SAP Data Intelligence Platform 3.0 – Let’s install on Open Source

sap_data_intelligence_lets_install_on_open_source

With the Data Intelligence Platform (DI) SAP enhances the functionality of the Datahub by adding special tools for machine learning and AI.

Although the Datahub has been available for some time now as both a cloud and as an on-premise system, the successor to the Datahub, the Data Intelligence Platform, followed only recently and is also available to customers on their local network. Since we have already reported on the installation of Datahub in an Open Source environment, we might as well take a closer look at the DI installation and check out the differences and what you need to be aware of in the process.

The first thing you notice is that the supported versions have changed. We can, for example, now use version 1.15.12 when installing the Kubernetes cluster. We also used CentOS 7 as a stable and established distribution, when we installed Kubernetes for the SAP Datahub 2.7, whereas this time we will upgrade the used OS and install the environment based on CentOS 8. Based on that upgrade we can also change the method of implementing our Ceph storage. The tool “ceph-deploy” was still usable in CentOS 7 (many “HowTo”-guides out there refer to it).This has changed in the meantime and the storage is now, like many other software solutions, container (docker) based. You can install it by using the recommended tool “cephadm”. The detailed instructions can be found on the homepage of the project. From our experience the container deploy worked very uncomplicated and has been running stable since!

So, let’s start to build the infrastructure. In general, the main steps haven’t changed from the installation of Datahub – we will therefore try to keep it short.

Initiate Kubernetes cluster
Deploy pod network
Add worker nodes
Configure DNS settings
Connect default storage
Provide a container registry

If you’d like to have a more detailed description check out our previous article linked in the first section.

When installing the Data Intelligence Platform, the previously used “Host Agent” no longer exists and the SLC Bridge has now fully replaced the alternative command-line tool “install.sh”. If you have never before performed a Datahub or a DI installation, this quote from the SAP installation guide might give you a quick impression of how it works.

„You run any deployment using the Software Lifecycle Container Bridge 1.0 tool with Maintenance Planner.
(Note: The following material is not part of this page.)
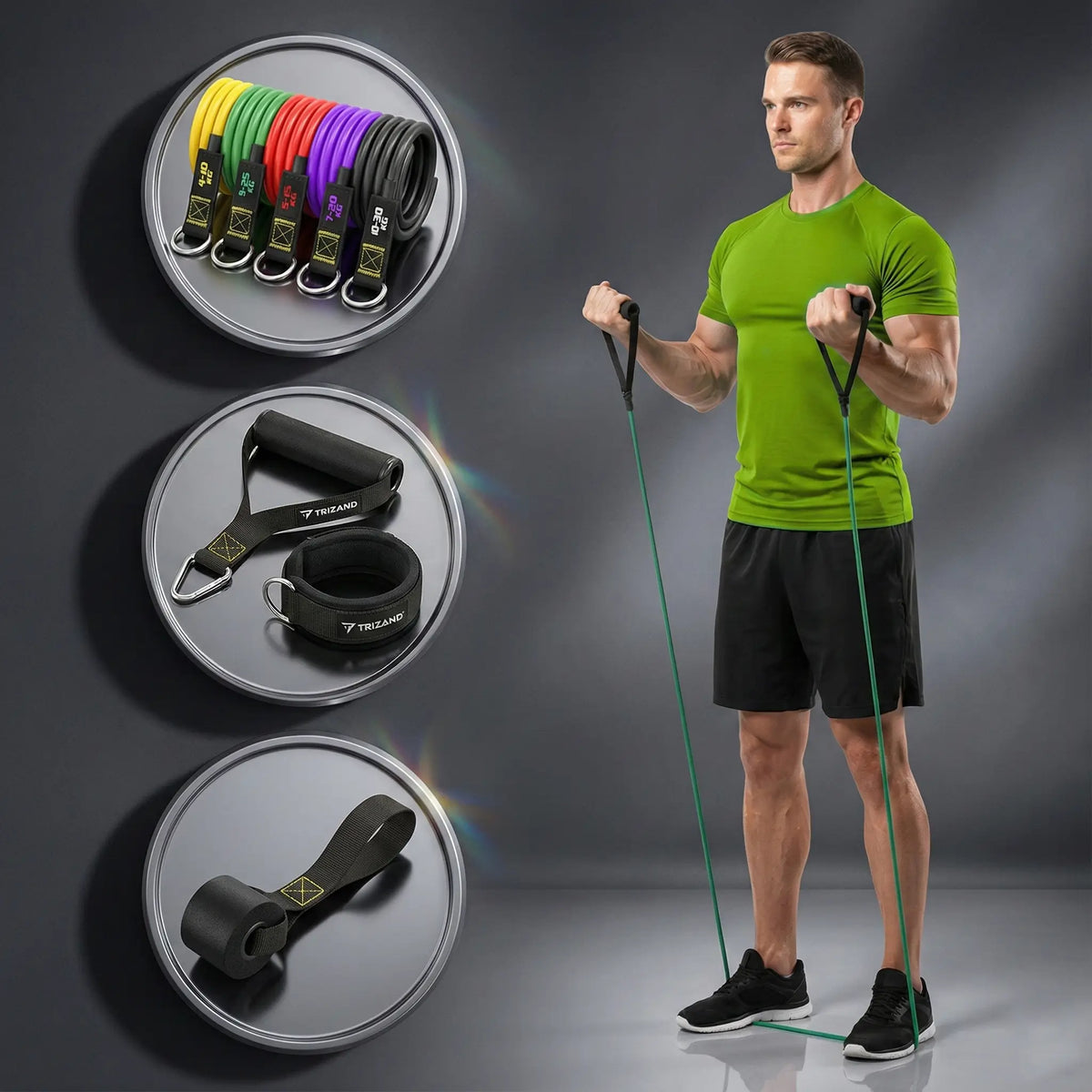 Trizand 5 db-os fitness gumiszalag szett - 5-féle ellenállási szint, időtálló anyaghasználat - ajtóra is rögzíthető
In the following, we use the abbreviated tool name “SLC Bridge”. The SLC Bridge runs as a Pod named “SLC Bridge Base” in your Kubernetes cluster. The SLC Bridge Base downloads the required images from the SAP Registry and deploys them to your private image repository (Container Image Repository) from which they are retrieved by the SLC Bridge to perform an installation, upgrade, or uninstallation.“ Link

After you have completed the first sections and selected the correct product for installation, a “Prerequiste Check” will be executed. If everything is good and all requirements pass the test, you can move on and start to define the DI parameters.

Most of the steps are very intuitive, but we’d still like to zoom in two points that have changed since the previous installation.
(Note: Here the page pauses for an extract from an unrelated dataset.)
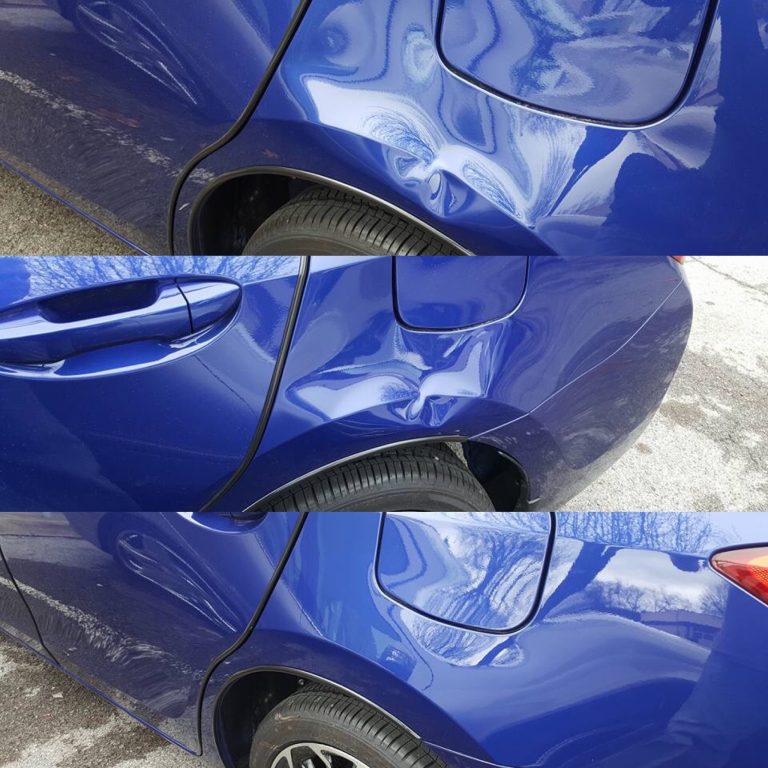 A blue car's rear quarter panel shows a significant dent, displayed in three close-up images from different angles. The damage is prominently visible, highlighting the impact.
First, we can now configure an external checkpoint store for the Vora database in SAP DI Platform Full and therefore use streaming tables with an external storage. This is not necessarily required for development or Proof-of-Concept installations, but highly recommended for the production use – so reason enough to take a closer look!
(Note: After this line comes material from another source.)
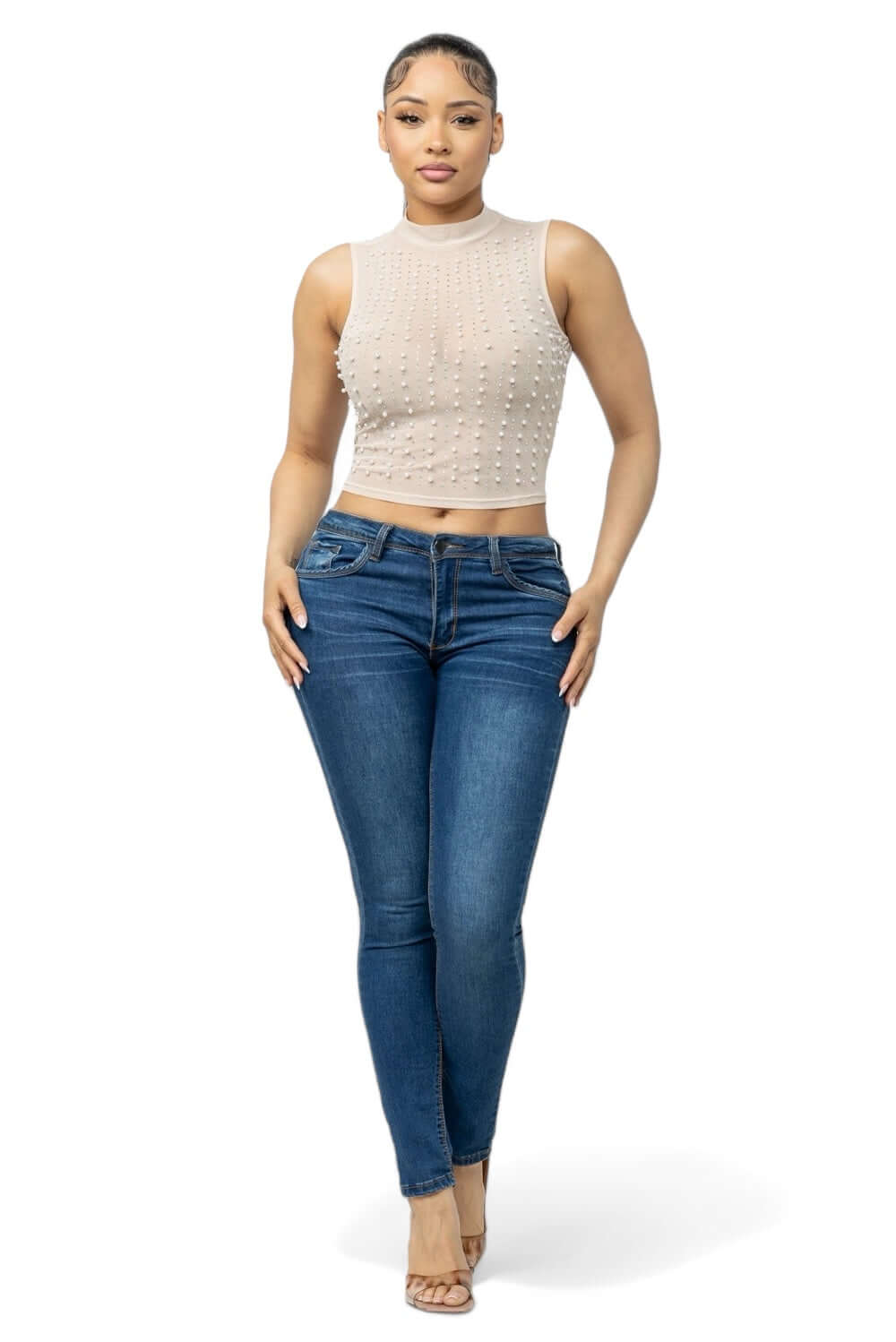 Mesh See Through  Pearls Studs Embellished Top The House of Stylez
There are some external storage options to choose from at this point, but since we perform an on-premise installation and have a Hadoop cluster running internally, HDFS works fine for us. Everything is still Open Source without any extra costs and our system remains only in the local network.

Define our WebHDFS host with port and path:

In the last step of this section you can run a validation test for your configuration – if everything is correct you can move on to the next section!

The second part of the installation that might require a little more attention is a checkbox named “Kaniko” which is activated by default from the beginning.

“Enable Kaniko Usage” made us work up quite a sweat during the first installation. The reason for that was that our private docker registry used https and a self-signed certificate up until now. This was no problem so far, but to get Kaniko correctly running a secured registry with a trusted certificate is an important requirement! So, if your installation doesn’t work 100% and maybe hangs on the “vflow” verification at the end, this might also be a problem of your on-premise installation. In our opinion there are only two clean solutions, either you don’t use Kaniko or you use a trusted certificate for your private docker registry. We therefore first performed a successful installation without enabling the Kaniko checkbox, just to see if it would work and afterwards started all over again to perform a little trick: We created a valid wildcard certificate through the free to use Let’s Encrypt service for our external domain and used it internally, by adding the related search domain to our local DNS server and exchange the self-signed certificate in the registry with the new one. It works perfectly and doesn’t require any port forwarding – cool thing! But keep in mind, Let’s Encrypt certificates are only valid for 3 months, so don’t forget to replace it.

Apart from those points, the installation should run the same way as for the Datahub. After the execution and all checks are completed, the corresponding service / port needs to be exposed again. If everything worked out, you can reach the start page via the browser and login to your SAP Data Intelligence Platform for the first time – that’s it!